A blueprint for improved relations between Europe’s ethnic and religious communities was unveiled in Istanbul today.
Javier Solana Madariaga presented the Group of Eminent Persons report ‘Living Together: Combining diversity and freedom in 21st-century Europe’ to a meeting of the Council of Europe’s Committee of Ministers.
The document takes stock of the challenges arising from the resurgence of intolerance and discrimination in Europe and analyses “the threat” and proposes “the response” for “living together” in open European societies.
Referring to the principles of the European Convention on Human Rights, the Group highlights eight specific risks to traditional Council of Europe values: widespread intolerance; growing discrimination (especially against Roma and immigrants); rising support for xenophobic and populist parties; parallel societies; Islamic extremism; loss of democratic freedoms; presence of a population without rights; and potential clash between “religious freedom” and freedom of expression.
The report underlines some of the reasons behind “the threat”: insecurity deriving from the old continent ‘s financial crisis and sense of relative decline; distorted perceptions of large-scale immigration; detrimental stereotypes of minorities in the media and public opinion; and a clear leadership deficit in shaping Europe’s present and future.

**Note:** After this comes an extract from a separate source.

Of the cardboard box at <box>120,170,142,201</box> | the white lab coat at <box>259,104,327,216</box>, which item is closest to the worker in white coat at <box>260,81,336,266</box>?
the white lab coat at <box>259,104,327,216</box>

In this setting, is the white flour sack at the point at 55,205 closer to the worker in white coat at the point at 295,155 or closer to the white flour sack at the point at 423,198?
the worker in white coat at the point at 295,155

“The response” envisages 59 “proposals for action.” The first 17 are labelled “strategic recommendations” to European Institutions and their Member States, with the Group identifying the main forces for changing public attitudes: educators, mass media, employers and trade unions, civil society, churches and religious groups, celebrities and “role models”, towns and cities, member states, European and international organisations.
Amongst its 17 guiding principles, the Group insists on the fact that provided they obey the law, immigrants should not be “expected to renounce their faith, culture or identity”.
“Diversity is here to stay,” said Secretary General, Thorbjørn Jagland. “We have to learn to live with it, manage it, and benefit from it. I am confident there will be a political follow-up to this report, including possibly an action plan to further pursue the challenges addressed by the Group.”
The Group of Eminent Persons is headed by the former German Foreign Minister Joschka Fischer. Other members: Emma Bonino (Italy), Timothy Garton Ash (United Kingdom), Martin Hirsch (France), Danuta Hübner (Poland), Ayşe Kadıoğlu (Turkey), Sonja Licht (Serbia), Vladimir Lukin (Russian Federation) and Javier Solana Madariaga (Spain). The rapporteur is Edward Mortimer (United Kingdom).